The issue, however, is not where respondent placed the petitioners while they were in his custody, but whether the Court had jurisdiction over respondent as petitioners' custodian at the time the petition was filed and the order to show cause served. "The writ of habeas corpus does not act upon the prisoner who seeks relief, but upon the person who holds him in what is alleged to be unlawful custody . . . . So long as the custodian can be reached by service of process, the court can issue a writ 'within its jurisdiction' requiring the prisoner be brought before the court for a hearing on his claim, or requiring that he be released outright from custody, even if the prisoner himself is confined outside the court's territorial jurisdiction."
There can be no question here that the respondent, the District Director, had custody of the petitioners while he was within the Southern District of New York. He maintains his office here and conducts his official activities, including the detention of those who seek to enter into the United States from the airports adjacent to this District, from his office within this District. The fact that he decides to lodge detainees outside the district where he conducts his activities, or as in this case with airlines that may place them in hotels outside the district, does not deprive the District Director of control and custody over those aliens. So, too, when he decided to transfer petitioners to El Paso, Texas, they remained in his continued custody until his agents, who accompanied them throughout the airplane trip, surrendered custody to the immigration authorities at El Paso. Up to that point, the respondent was capable at all times of giving effect to the terms of any order issued under the application for the writ. In sum, as required by 28 U.S.C. § 2243, the application for the writ was properly "directed to the person having custody of the person detained."
Accordingly, the Court holds that it does have jurisdiction to pass upon the merits of the application which it now considers.
At the outset, it is noted that this action is brought by excludees, aliens seeking to enter the United States, and not by resident aliens whom the government seeks to expel. Excludees, although physically present in the United States, are "treated as if stopped at the border."

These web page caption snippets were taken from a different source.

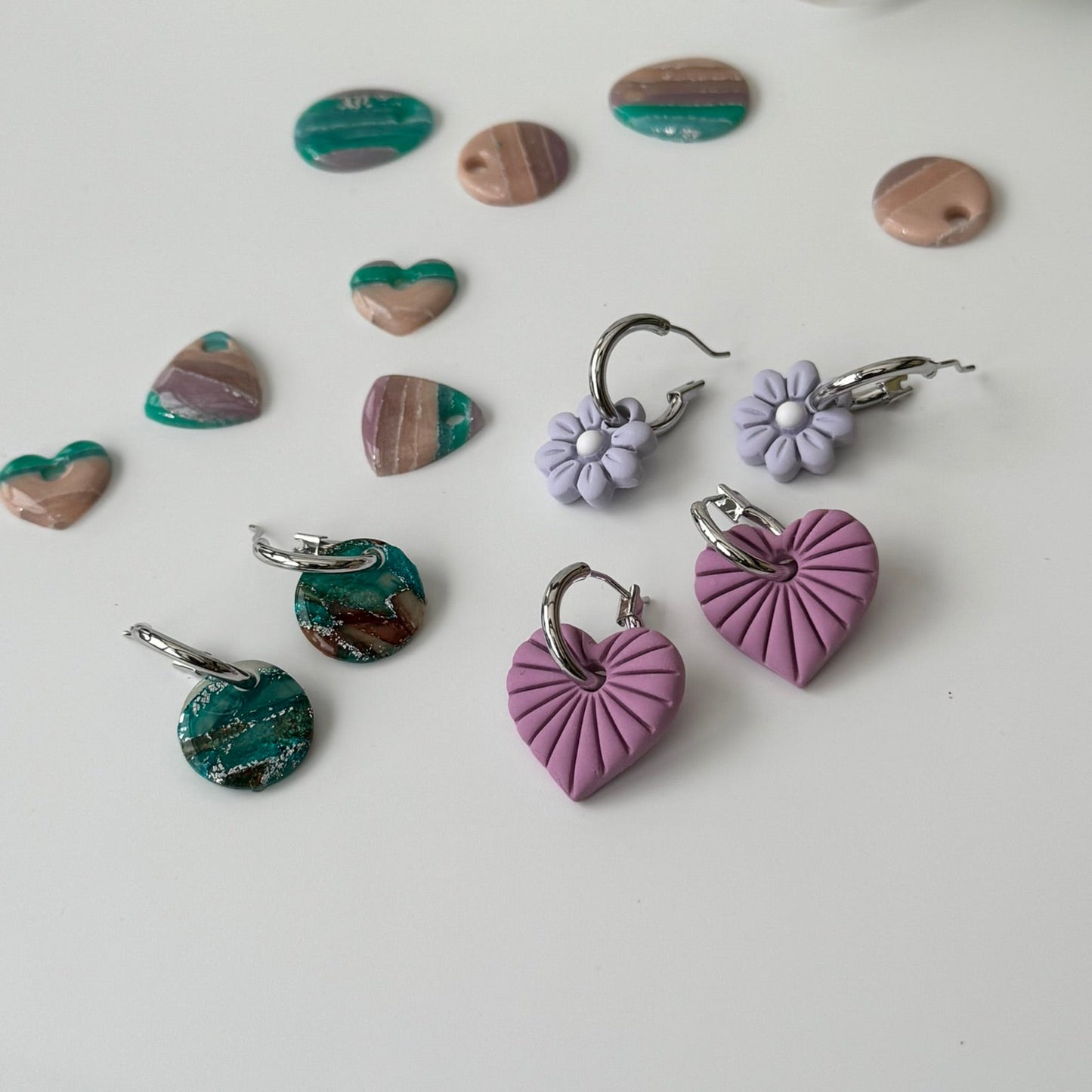Heart-shaped earrings in various colors on a light background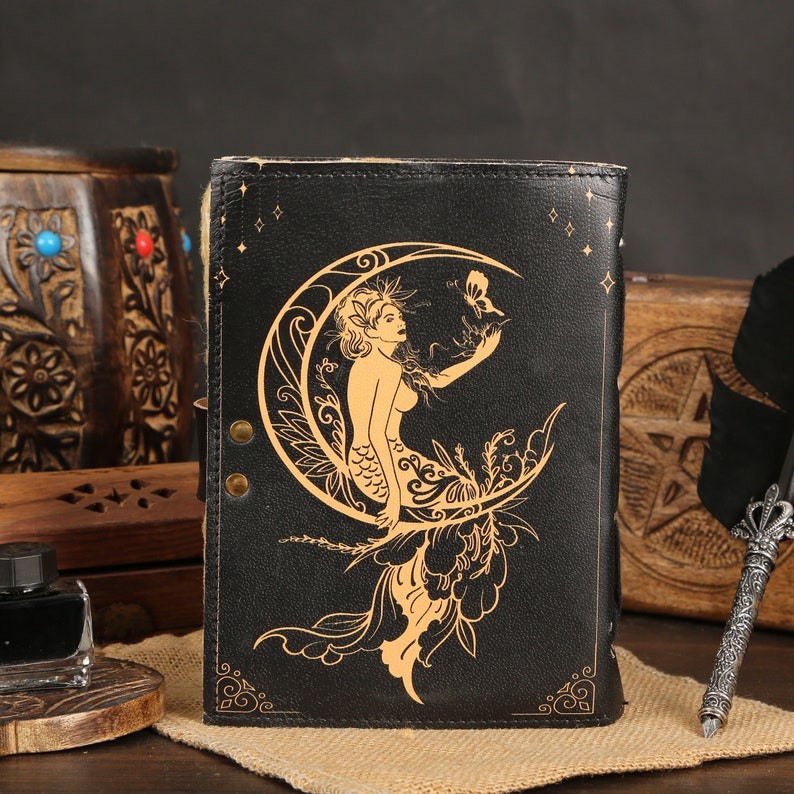 May include: Black leather journal featuring a gold design of a mermaid sitting on a crescent moon. The mermaid has long flowing hair and is holding a butterfly.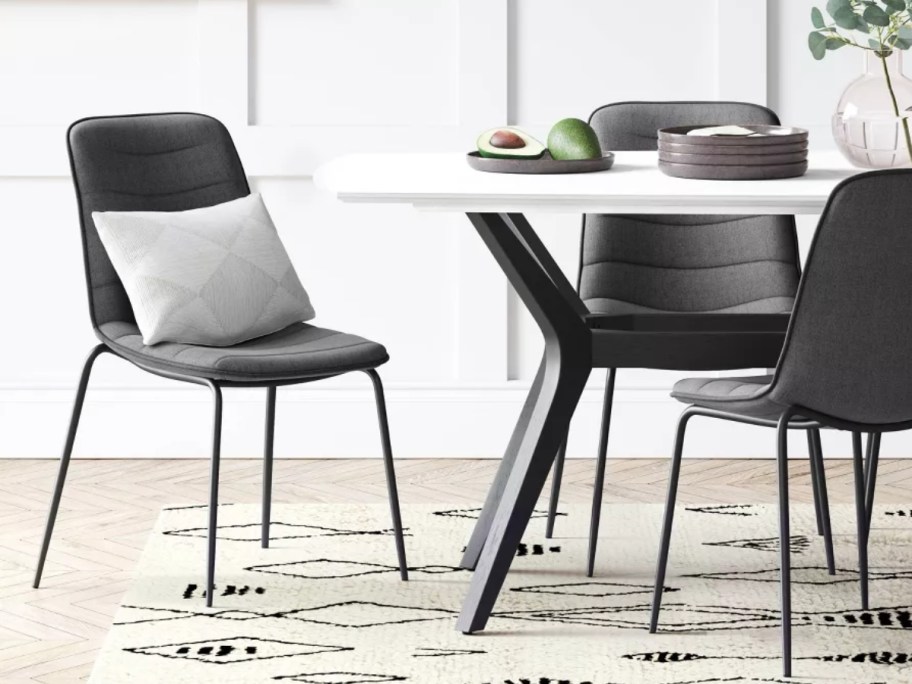 grey dining chairs around a modern dining room table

It is also important to recognize that the Service is required by statute to detain such unadmitted aliens if they are not clearly entitled to land
and that release on parole is an exception to the requirement of detention.
An unadmitted alien has no constitutional right to parole.
This Court may only review discretionary agency decisions with respect to aliens seeking admission into the United States to determine whether the District Director has exercised his discretion and, if so, whether that discretion has been abused. Abuse may be found where the Service or Director has acted "irrationally or in bad faith" or" invidiously against a particular race or group."